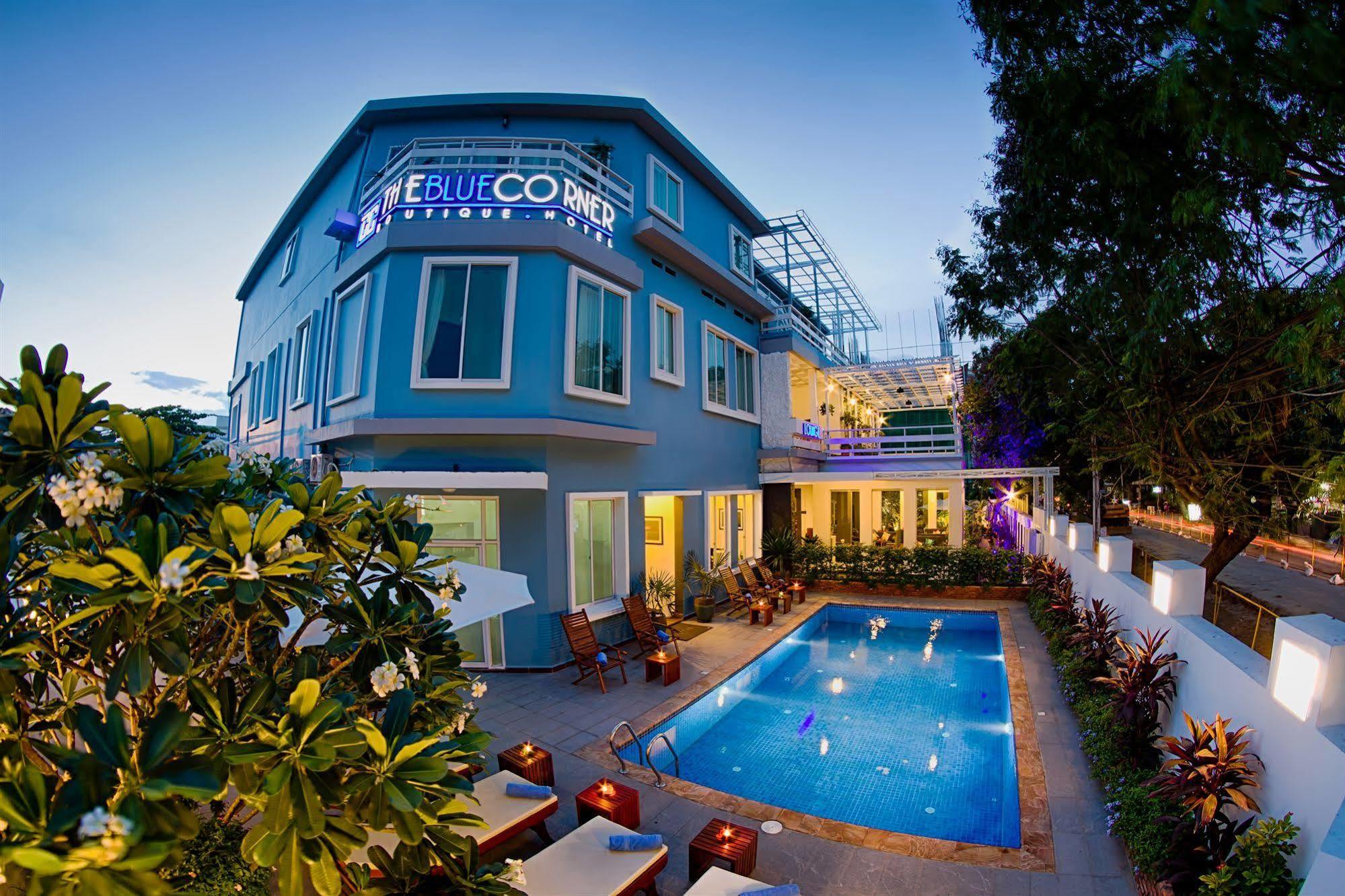 The Blue Corner Boutique Hotel Phnom Penh Exterior photo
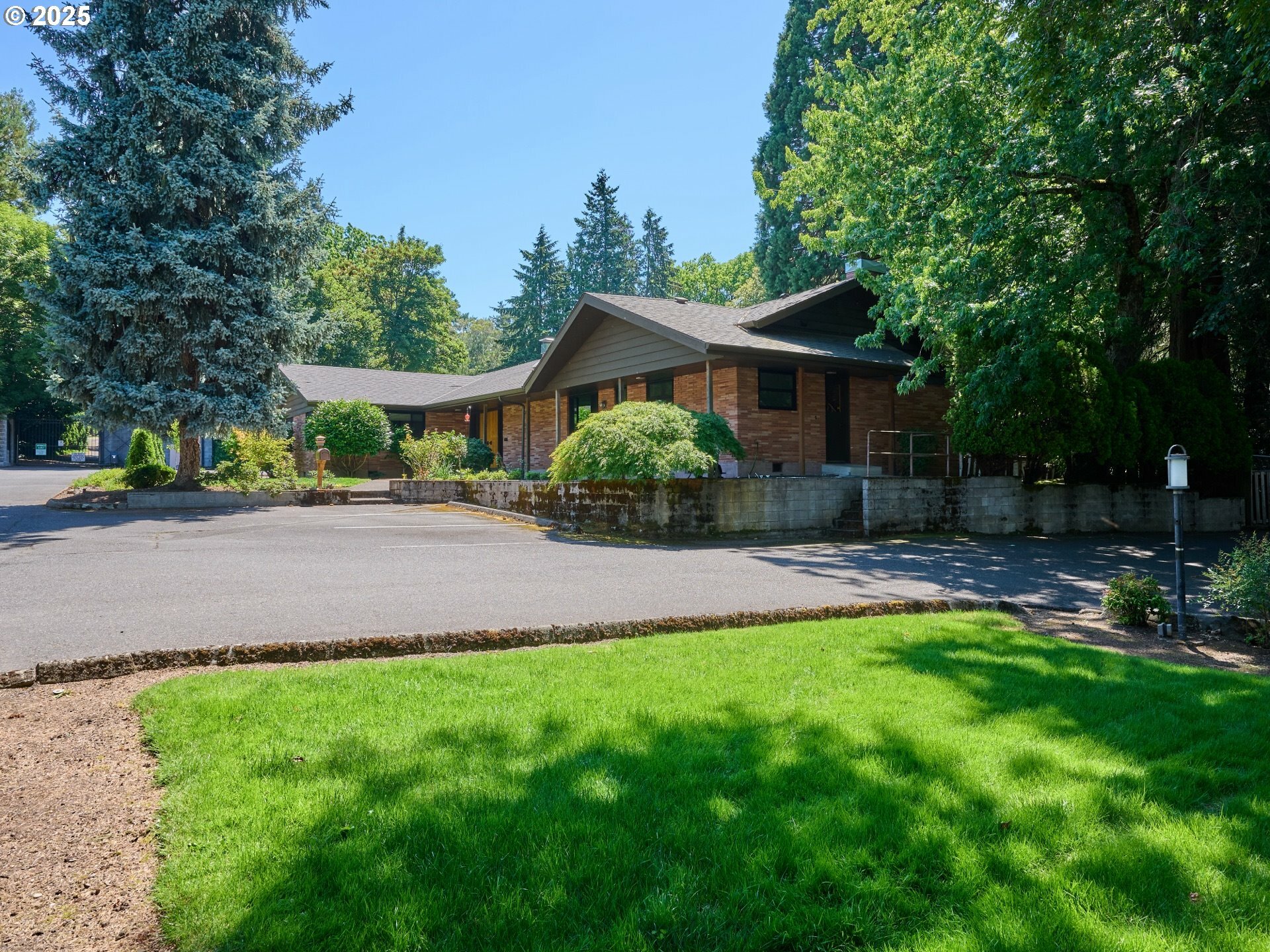 Property Photo: 790 SE Webber St 401 OR 97202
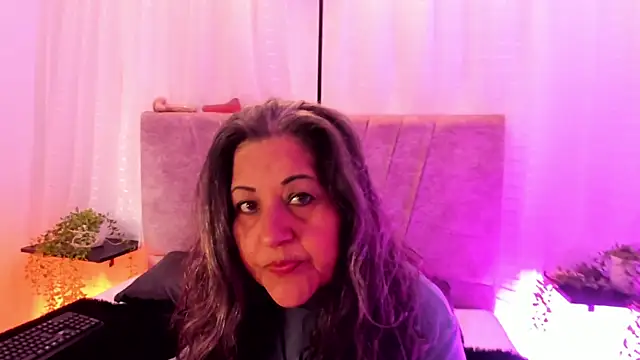 Snapshot of Victoriaa_Anderson chatting on May 2026 03:20:01 PM Victoriaa Anderson online show from May 2026 03:20:01 PM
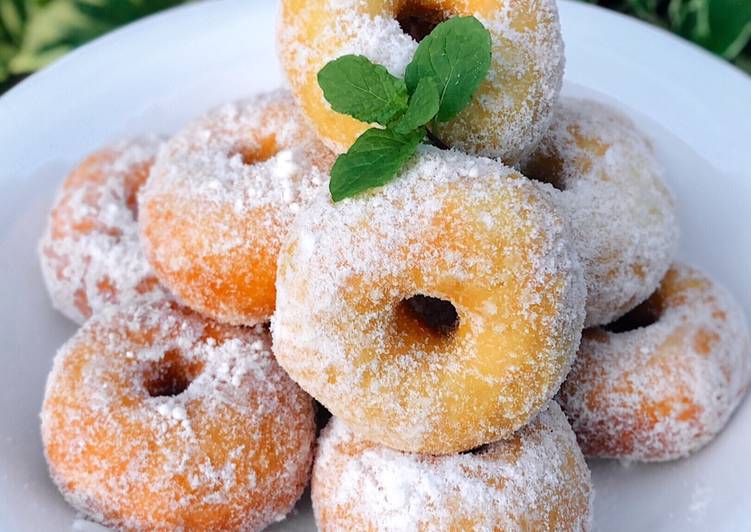 Resep Classic Powdered Doughnuts (Donat Gula) Anti Gagal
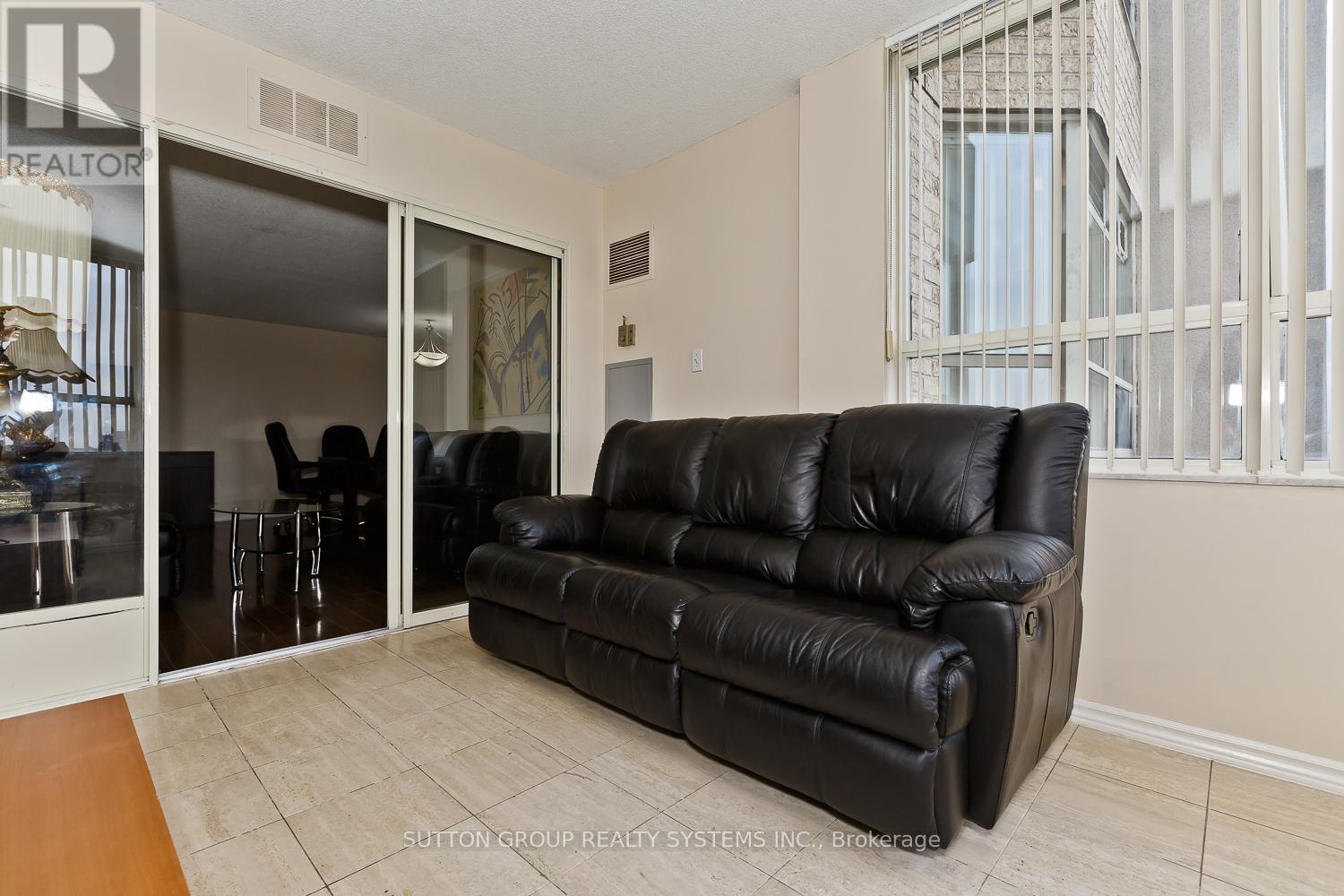 804 - 30 Malta Avenue, Brampton, Ontario  L6V 4A4 - Photo 16 - W12559980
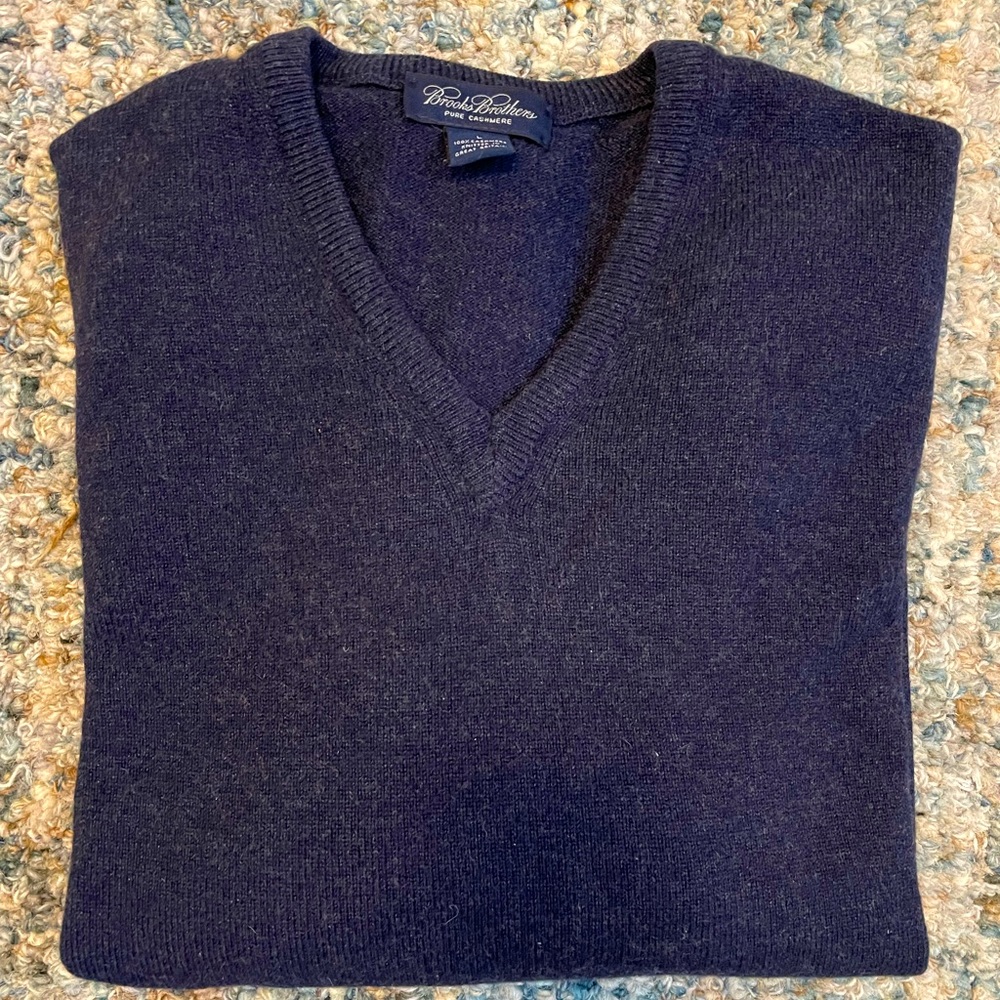Cashmere v-neck sweater, Brooks Brothers, size Large, navy blue.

______

EXERCISE
Please copy out the entries above exactly as they appear, but skip their images.

OUTPUT FOR THIS TASK
 The Blue Corner Boutique Hotel Phnom Penh Exterior photo
 Property Photo: 790 SE Webber St 401 OR 97202
 Snapshot of Victoriaa_Anderson chatting on May 2026 03:20:01 PM Victoriaa Anderson online show from May 2026 03:20:01 PM
 Resep Classic Powdered Doughnuts (Donat Gula) Anti Gagal
 804 - 30 Malta Avenue, Brampton, Ontario  L6V 4A4 - Photo 16 - W12559980
Cashmere v-neck sweater, Brooks Brothers, size Large, navy blue.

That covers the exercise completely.